İlk başlarda insanın şimdikinden az gelişmiş olduğunu kabul eden görüş, bunun sonucu olarak, elimizdeki özellikle soyut insanlık kalıtlarında;
doğallık ve doğruluk,
gereksinimlerin güdüleri, güdülerin eylemleri denetimsizce yönlendirişi,
yalınlık ve
şimdilere uymayacak ilkellik/farklılıkların da varlığını göz ardı etmemeli.

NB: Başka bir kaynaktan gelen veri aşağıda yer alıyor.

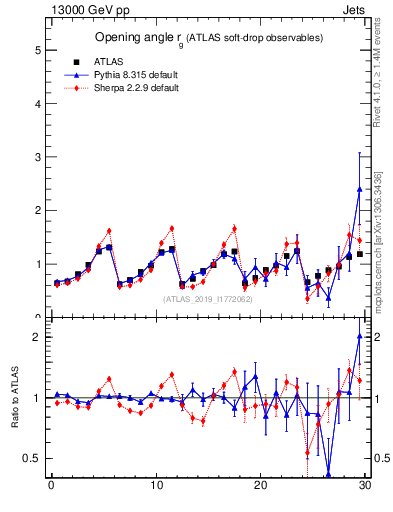 Plot of softdrop.rg in 13000 GeV pp collisions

Saplaşmamak-sapkınlaşmamak için soyut insanlık kalıtlarını sorgulamalı-uyarlamalı, aktöre ve yararlılık sezgilerimizle.
Bizimkisi bol limonlu laf salatası.
Doğruyu görmek kolay, kabullenmekse ahlak (aktöre) meselesi.
Saygılar
i.durmuş
YORUMLAR
"Acaba ilkel insan hangi güzel olay öncesi heyecanlanırdı. Önceden başlardı onun heyecanını yaşamaya ki, iv-arife* deyiverdi bu ön heyecana.
İnsan içgüdülerini, içten ve gerçekçi değerlendirerek yanıt bulabilsek kim bilir ne ilginç olurdu, doğmalardan dayatmalardan arınmışlığımız."
Güzeldi..:))
Saygılar..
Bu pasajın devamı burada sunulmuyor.